The engineer quoted a six-figure price, and Damien pulled out his checkbook without the slightest hesitation. Less than an hour later, we were driving down the North Dallas Tollroad in the latest addition to Damien’s vehicular menagerie, and Damien’s giddy expression reminded me of a little boy on Christmas morning.
Now, he maneuvers the limo through Highland Park, the well-heeled neighborhood in which I grew up. Though my family’s net worth never came close to Damien’s, we were hardly scraping by. My grandfather had made a fortune in oil, and though much of that was lost in the recession—and later by my mother’s bad management—there’s no denying that I was a child of privilege, just like every other kid living in these massive, tony mansions.
I’d walked away from all that when I’d moved to Los Angeles, intent on escaping my past. I’d wanted a new life, a new Nikki. And I’d been determined to make it on my own without my mother’s baggage holding me down.
Now, I can’t help but smile as I look at Damien. At this car that cost more than most people earn in a year. It’s funny how things shift. I was wealthy in Dallas, but miserable. Now I’m filthy rich in Los Angeles, and happier than I could ever have imagined. Not because of the bank account, but because of the man.
“You’re smiling,” he says, sounding pleased, and I’m once again struck by the fact that he is as much on pins and needles as I am. Damien, however, isn’t worried about seeing my mother. Damien is worried about me.
“I was just thinking how happy I am,” I admit, and then tell him why.
“Because the money isn’t the heart of what we are to each other,” he says. “You’d love me even if I was destitute.”
“I would,” I admit, then flash an impish smile. “But I can’t deny that I like the perks.” I run my hand over the dashboard. “Of course, I’d like this particular perk better if Edward were here.”
“Not satisfied with just holding my hand, Mrs. Stark?”
Usually when we’re in a limo, Damien’s personal driver, Edward, acts as chauffeur. But Edward’s not with us on this trip, and even if he were, I know Damien would insist on driving his new toy.
“I’m fine with hand holding for now,” I say archly. “But later, I want more. Later, I want your hands on all of me.”
The glance he shoots me overflows with heat and promise. “I think that can be arranged.”
“Eyes on the road, driver,” I say, then point. “And turn here.”
He does, and immediately my mood downshifts again. Because now we’re on my actual street. Now, we’re a few blocks away from my childhood home.

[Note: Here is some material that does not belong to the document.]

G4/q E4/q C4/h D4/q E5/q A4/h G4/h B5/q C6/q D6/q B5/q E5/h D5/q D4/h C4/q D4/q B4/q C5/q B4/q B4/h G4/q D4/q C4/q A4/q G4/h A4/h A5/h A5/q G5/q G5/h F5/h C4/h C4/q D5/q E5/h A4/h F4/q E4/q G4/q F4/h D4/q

I draw a breath. “Almost there. And I’m fine,” I add before he has a chance to ask. I’m not fine—not entirely—but I’m hoping that by saying it I’ll banish the hideous aching in my gut and the nausea that is starting to rise up inside me.
“Just tell me when.”
I nod, and for a moment I picture us driving past, just going on and on until we’re out of the neighborhood, back in Dallas proper and far, far away from the memories that are now washing over me like wave after wave crashing onto a sandy shore. Me locked in a pitch black room because little girls need their beauty sleep, and my sister Ashley whispering to me through the closed door, promising me that nothing is lurking in the dark to hurt me. A stylist tugging and pulling on my long golden hair, ignoring my tears and cries of pain as my mother stands by, telling me to control myself. That I’m embarrassing her. My mother gripping my arm as she tugs me up the walkway to register for my first pageant, my eyes still red from the sting of her hand on my kindergarten-age bottom, a reminder that beauty queens don’t complain and whine.

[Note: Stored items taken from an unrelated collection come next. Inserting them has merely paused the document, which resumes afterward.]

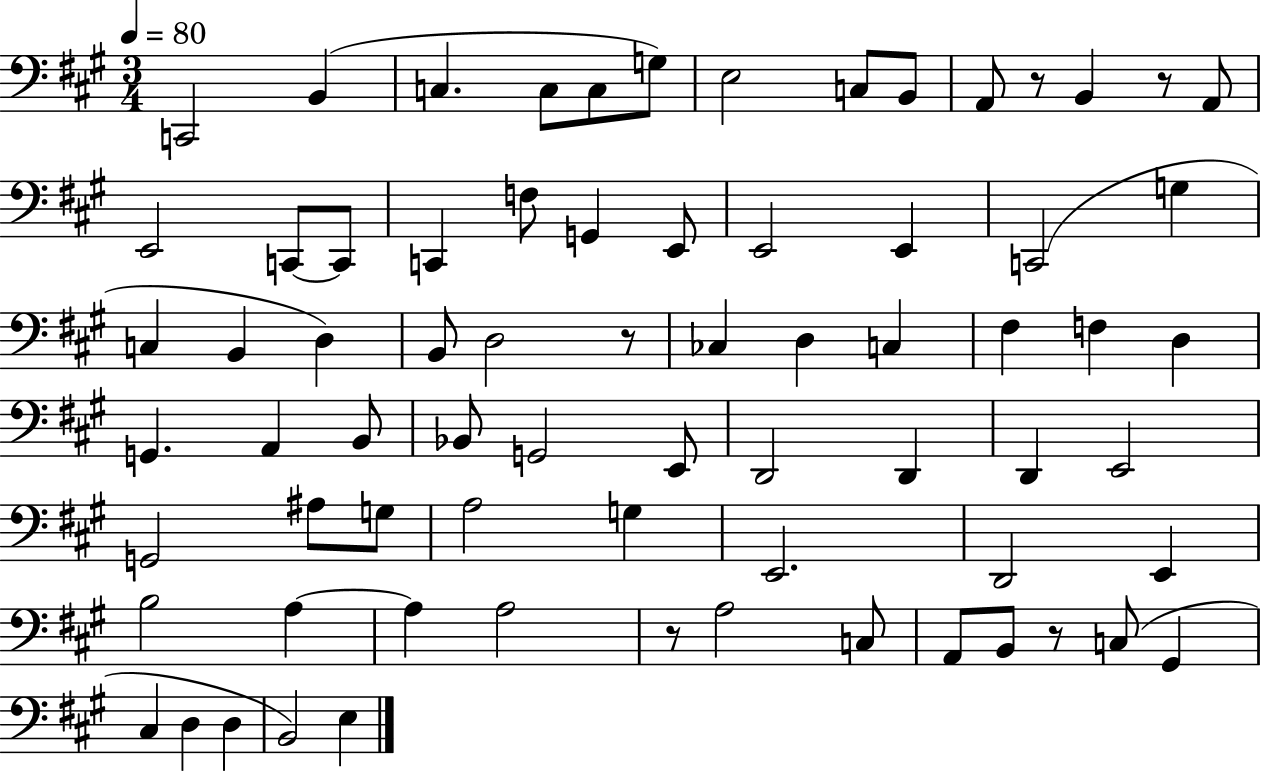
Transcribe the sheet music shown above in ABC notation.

X:1
T:Untitled
M:3/4
L:1/4
K:A
C,,2 B,, C, C,/2 C,/2 G,/2 E,2 C,/2 B,,/2 A,,/2 z/2 B,, z/2 A,,/2 E,,2 C,,/2 C,,/2 C,, F,/2 G,, E,,/2 E,,2 E,, C,,2 G, C, B,, D, B,,/2 D,2 z/2 _C, D, C, ^F, F, D, G,, A,, B,,/2 _B,,/2 G,,2 E,,/2 D,,2 D,, D,, E,,2 G,,2 ^A,/2 G,/2 A,2 G, E,,2 D,,2 E,, B,2 A, A, A,2 z/2 A,2 C,/2 A,,/2 B,,/2 z/2 C,/2 ^G,, ^C, D, D, B,,2 E,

I think of a dinner plate with the tiniest portion of plain chicken and steamed vegetables while my mother and sister eat cheesy lasagna, and my mother telling me that if I want to be a pageant winner, I need to watch every calorie and think of carbohydrates as the devil. Then her mouth pursing in disapproval when I insist that I don’t care about being a pageant winner. That I just want to not be hungry.

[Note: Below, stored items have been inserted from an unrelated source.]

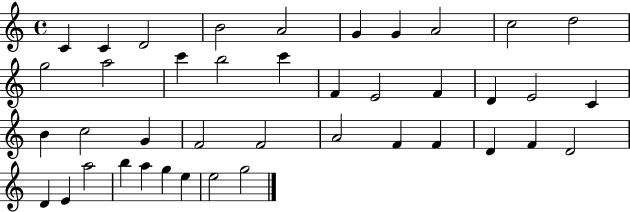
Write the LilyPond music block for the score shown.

{
  \clef treble
  \time 4/4
  \defaultTimeSignature
  \key c \major
  c'4 c'4 d'2 | b'2 a'2 | g'4 g'4 a'2 | c''2 d''2 | \break g''2 a''2 | c'''4 b''2 c'''4 | f'4 e'2 f'4 | d'4 e'2 c'4 | \break b'4 c''2 g'4 | f'2 f'2 | a'2 f'4 f'4 | d'4 f'4 d'2 | \break d'4 e'4 a''2 | b''4 a''4 g''4 e''4 | e''2 g''2 | \bar "|."
}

I was never good enough. Too chunky, too slouchy, too lackluster. Even with an array of crowns and titles, I never met her expectations, and I don’t remember a time when she ever felt like mother or friend. Instead, she was the strict governess of stories. The wicked stepmother. The witch in the gingerbread house.
My older sister Ashley escaped her clutches by the simple act of not winning the pageants in which she entered. After several failures, my mother gave up. And though I tried to fail, too, I was cursed with crowns and titles.
For years, I’d thought that Ashley’d had the better end of the deal. It was only later, when she killed herself after her husband left her, that I understood how deep Ashley’s scars had run, too. Mine were physical, the self-inflicted scars of a girl who took a blade to her own skin, first to release the pressure and gain some control, then later to mar my pageant-perfect legs and end the madness of that horrific roller-coaster.